* [EXERCISE]:
Output the data unchanged and complete, minus the images.

* [DATA PROVIDED]:

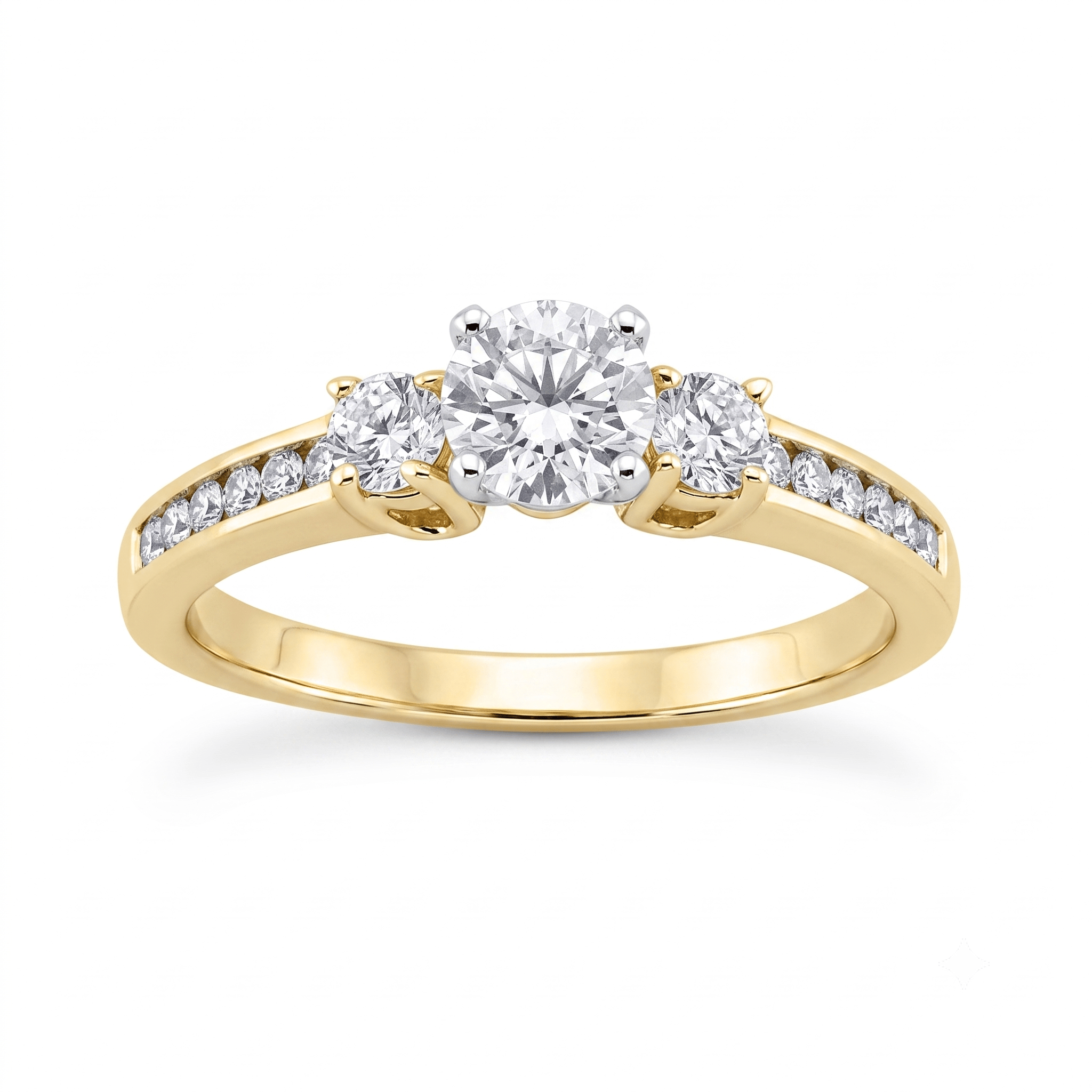1 to 5 Carat Round Lab Grown Diamond Three-Stone Engagement Ring in 14K Gold - ENR6332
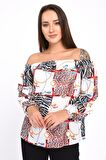Modkofoni Uzun Kollu Omuz Detaylı Desenli Beyaz Kadın Bluz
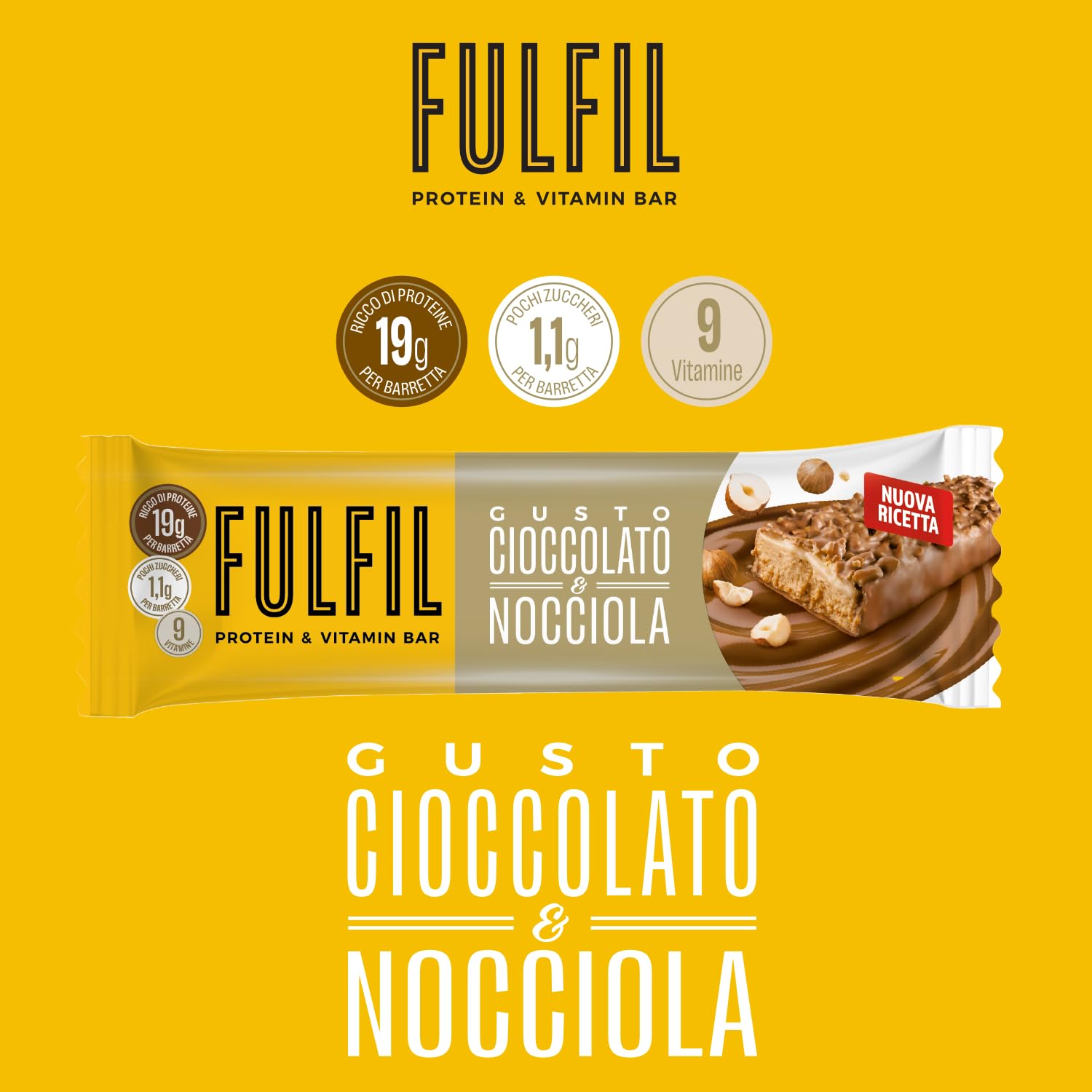 FULFIL - 15 Barrette Proteiche da 55 Grammi, Gusto Cioccolato e Nocciola con 9 Vitamine e Pochi Zuccheri, Confezione da 825 Grammi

* [RESULT FOR THIS EXERCISE]:
1 to 5 Carat Round Lab Grown Diamond Three-Stone Engagement Ring in 14K Gold - ENR6332
Modkofoni Uzun Kollu Omuz Detaylı Desenli Beyaz Kadın Bluz
 FULFIL - 15 Barrette Proteiche da 55 Grammi, Gusto Cioccolato e Nocciola con 9 Vitamine e Pochi Zuccheri, Confezione da 825 Grammi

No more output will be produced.